[DATA FOR THIS EXERCISE]:
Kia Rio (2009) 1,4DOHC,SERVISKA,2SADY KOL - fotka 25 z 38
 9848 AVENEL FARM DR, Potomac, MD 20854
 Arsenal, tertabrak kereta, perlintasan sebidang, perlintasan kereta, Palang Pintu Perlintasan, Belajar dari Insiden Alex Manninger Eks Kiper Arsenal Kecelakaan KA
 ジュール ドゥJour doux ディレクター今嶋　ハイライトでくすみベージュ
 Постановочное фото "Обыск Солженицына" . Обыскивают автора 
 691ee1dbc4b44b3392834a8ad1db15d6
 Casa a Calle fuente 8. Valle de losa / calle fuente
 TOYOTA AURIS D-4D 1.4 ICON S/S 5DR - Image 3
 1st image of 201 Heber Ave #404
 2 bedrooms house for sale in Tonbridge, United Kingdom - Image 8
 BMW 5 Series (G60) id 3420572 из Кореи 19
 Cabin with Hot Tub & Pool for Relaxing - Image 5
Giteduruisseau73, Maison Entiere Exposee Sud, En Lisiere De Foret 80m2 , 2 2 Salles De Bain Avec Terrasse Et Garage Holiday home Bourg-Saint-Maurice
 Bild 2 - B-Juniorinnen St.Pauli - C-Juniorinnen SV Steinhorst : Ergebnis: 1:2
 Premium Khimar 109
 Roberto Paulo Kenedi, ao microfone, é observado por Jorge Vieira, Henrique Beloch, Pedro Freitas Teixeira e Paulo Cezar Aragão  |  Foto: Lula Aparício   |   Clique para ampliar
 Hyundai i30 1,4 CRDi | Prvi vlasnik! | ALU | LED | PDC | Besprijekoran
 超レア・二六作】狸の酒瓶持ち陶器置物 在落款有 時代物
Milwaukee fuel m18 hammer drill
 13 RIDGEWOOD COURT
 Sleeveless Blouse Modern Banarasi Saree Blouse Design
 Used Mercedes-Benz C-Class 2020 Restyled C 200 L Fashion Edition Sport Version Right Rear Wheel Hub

[PROBLEM TO SOLVE]:
Please copy the line holding "超レア・二六作】狸の酒瓶持ち陶器置物 在落款有 時代物" and all lines after it to the end of the records, exactly, and nothing else.

[RESPONSE TO THE TASK]:
 超レア・二六作】狸の酒瓶持ち陶器置物 在落款有 時代物
Milwaukee fuel m18 hammer drill
 13 RIDGEWOOD COURT
 Sleeveless Blouse Modern Banarasi Saree Blouse Design
 Used Mercedes-Benz C-Class 2020 Restyled C 200 L Fashion Edition Sport Version Right Rear Wheel Hub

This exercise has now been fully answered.